Cristo, la piedra angular
Debemos amar al prójimo para erradicar el pecado del racismo
El próximo lunes 21 de enero nuestro país conmemora el Día del Dr. Martin Luther King Jr., en el cual recordamos a un hombre que entregó su vida por la causa de la libertad, la igualdad y la justicia para todos. Lo honramos porque su visión y su valor inspiraron a millones a elegir el amor por encima del odio, la libertad sobre la opresión y la no violencia sobre la venganza.
No hemos superado definitivamente el racismo; es algo contra lo que debemos luchar, algo que cada persona, familia y país que reconozca la unidad y la igualdad de todas las personas humanas, sin distinción de raza, origen étnico, estatus social o económico, debe rechazar categóricamente.

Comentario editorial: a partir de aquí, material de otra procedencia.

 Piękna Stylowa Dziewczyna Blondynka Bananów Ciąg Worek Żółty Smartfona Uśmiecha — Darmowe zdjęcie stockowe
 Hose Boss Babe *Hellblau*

Los obispos católicos de los Estados Unidos reafirmamos la dignidad y la igualdad de todos los integrantes de la familia humana en una carta pastoral contra el racismo que fue aprobada en noviembre pasado. “Abramos nuestros corazones: el incesante llamado al amor” es, primero que nada, una reiteración positiva de nuestra creencia fundamental de que cada ser humano está hecho a imagen y semejanza de Dios y que, por lo tanto, merece todos los derechos y el respeto que se les deben a los hijos de Dios. Pero nuestra declaración también es un rechazo vehemente contra todas las actitudes racistas que demuestran las personas y que se encuentran incrustadas en nuestras estructuras sociales.

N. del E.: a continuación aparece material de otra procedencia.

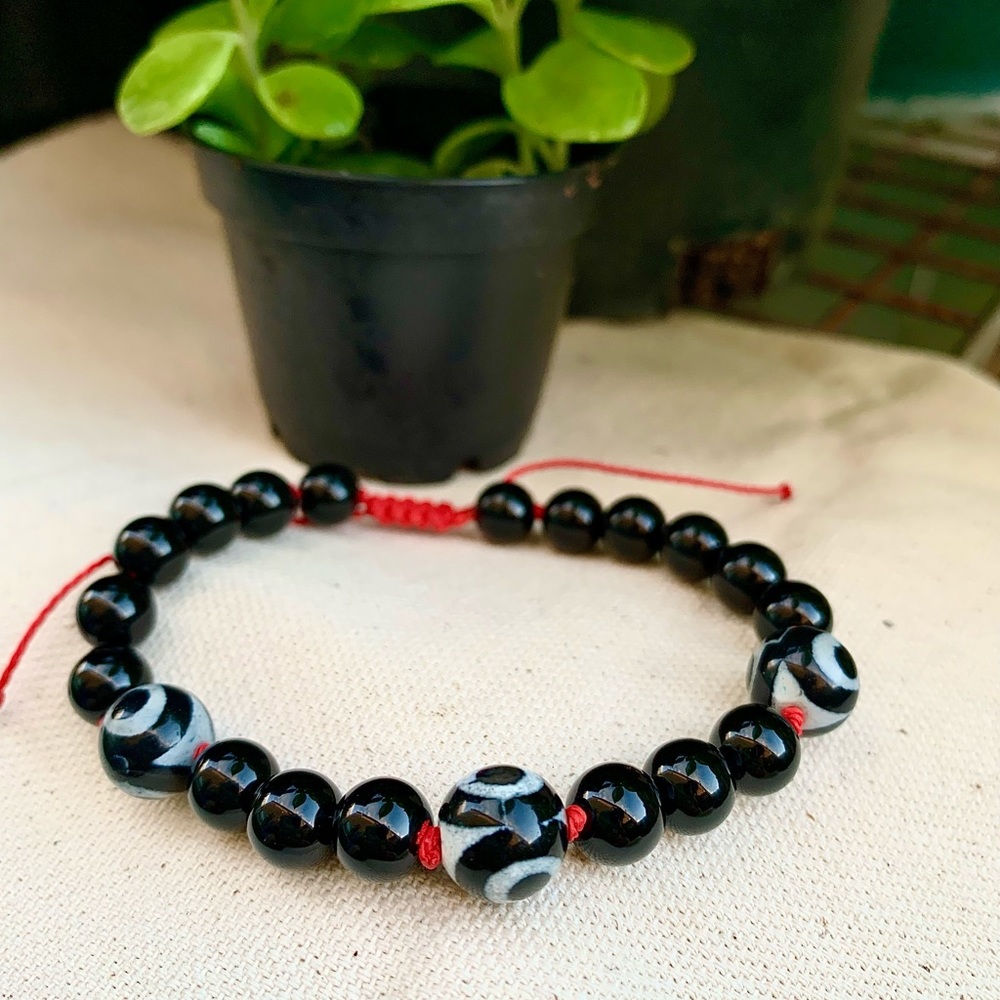 Red String Black Onyx bracelet- Handmade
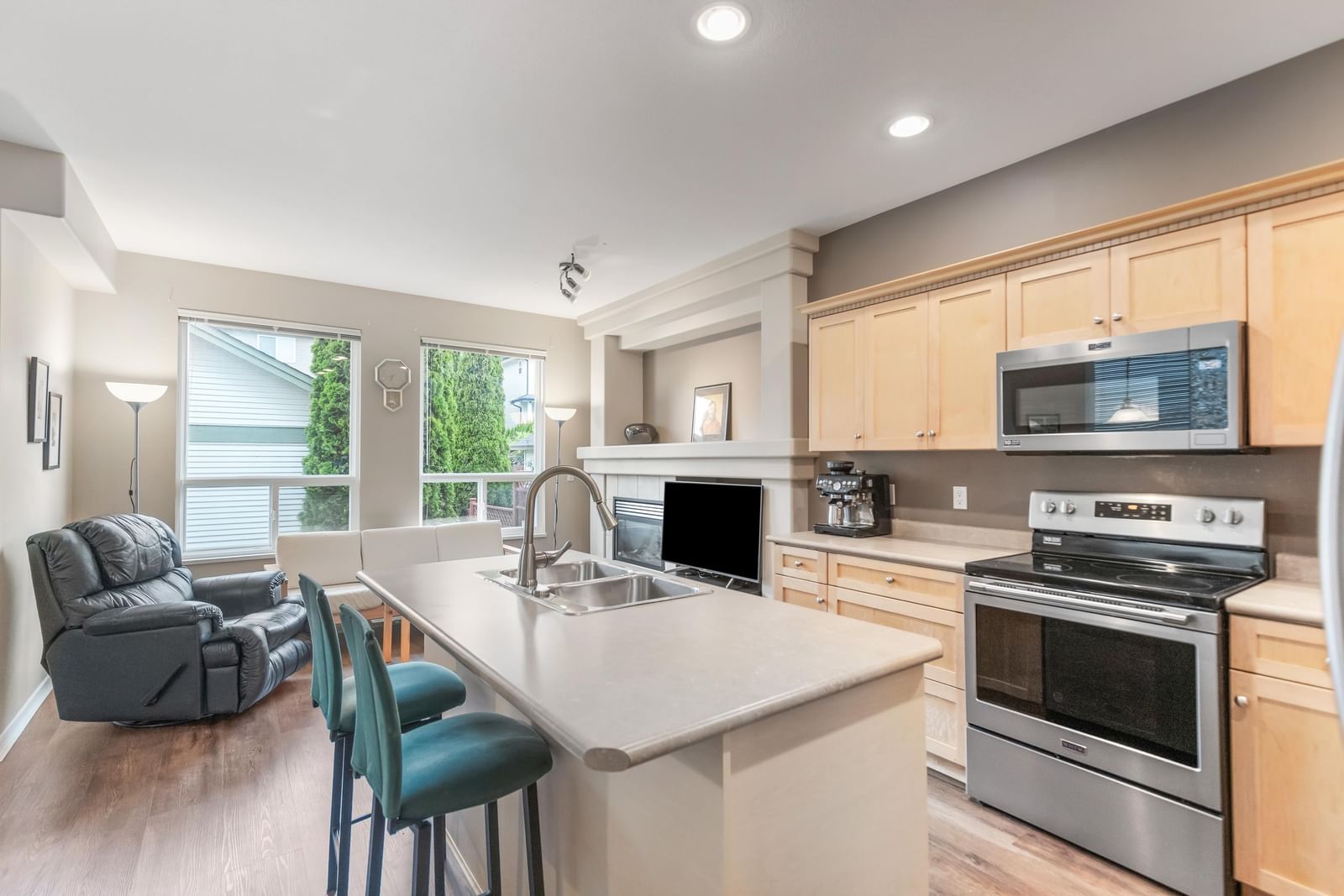 Listing Image 10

En la carta pastoral planteamos la pregunta “¿Qué es el racismo?” “El racismo surge cuando—ya sea consciente o inconscientemente—una persona sostiene que su propia raza o etnia es superior y, por lo tanto, juzga a las personas de otras razas u orígenes étnicos como inferiores e indignas de igual consideración. Esta convicción o actitud es pecaminosa cuando lleva a individuos o grupos a excluir, ridiculizar, maltratar o discriminar injustamente a las personas por su raza u origen étnico” (“Abramos nuestros corazones: el incesante llamado al amor, p. 3). De hecho, el racismo puede llegar a convertirse en un pecado grave cuando las actitudes o los juicios retorcidos conducen a acciones perjudiciales o violentas contra víctimas inocentes.
Hemos avanzado bastante desde que el Dr. King y muchos otros desafiaron a nuestro país a modificar las leyes y las actitudes para asegurar la libertad y la justicia para todos. Pero todavía queda mucho por hacer, especialmente a la luz del aumento de la violencia y las injusticias en contra de los afroamericanos, los hispanos, los musulmanes y otros grupos minoritarios.
De acuerdo con la carta pastoral: «La reaparición de símbolos de odio, como sogas con nudos corredizos y esvásticas en espacios públicos, es un indicador trágico de la creciente animosidad racial y étnica. Con demasiada frecuencia, personas hispanas y afroamericanas, por ejemplo, enfrentan discriminación en la contratación, la vivienda, las oportunidades educativas y el encarcelamiento. Frecuentemente los hispanos están en el punto de mira de prácticas selectivas de control de la inmigración derivadas de perfiles raciales, e igualmente los afroamericanos por presunta actividad criminal. También crece el temor y hostigamiento a personas provenientes de países de mayoría musulmana. Ideologías nacionalistas extremas alimentan el discurso público estadounidense con una retórica xenófoba que instiga el miedo hacia los extranjeros, los inmigrantes y los refugiados. Finalmente, con demasiada frecuencia el racismo se manifiesta en forma de pecado de omisión, cuando individuos, comunidades e incluso iglesias permanecen en silencio y no actúan contra la injusticia racial cuando se la encuentra» (“Abramos nuestros corazones: el incesante llamado al amor,” p. 4).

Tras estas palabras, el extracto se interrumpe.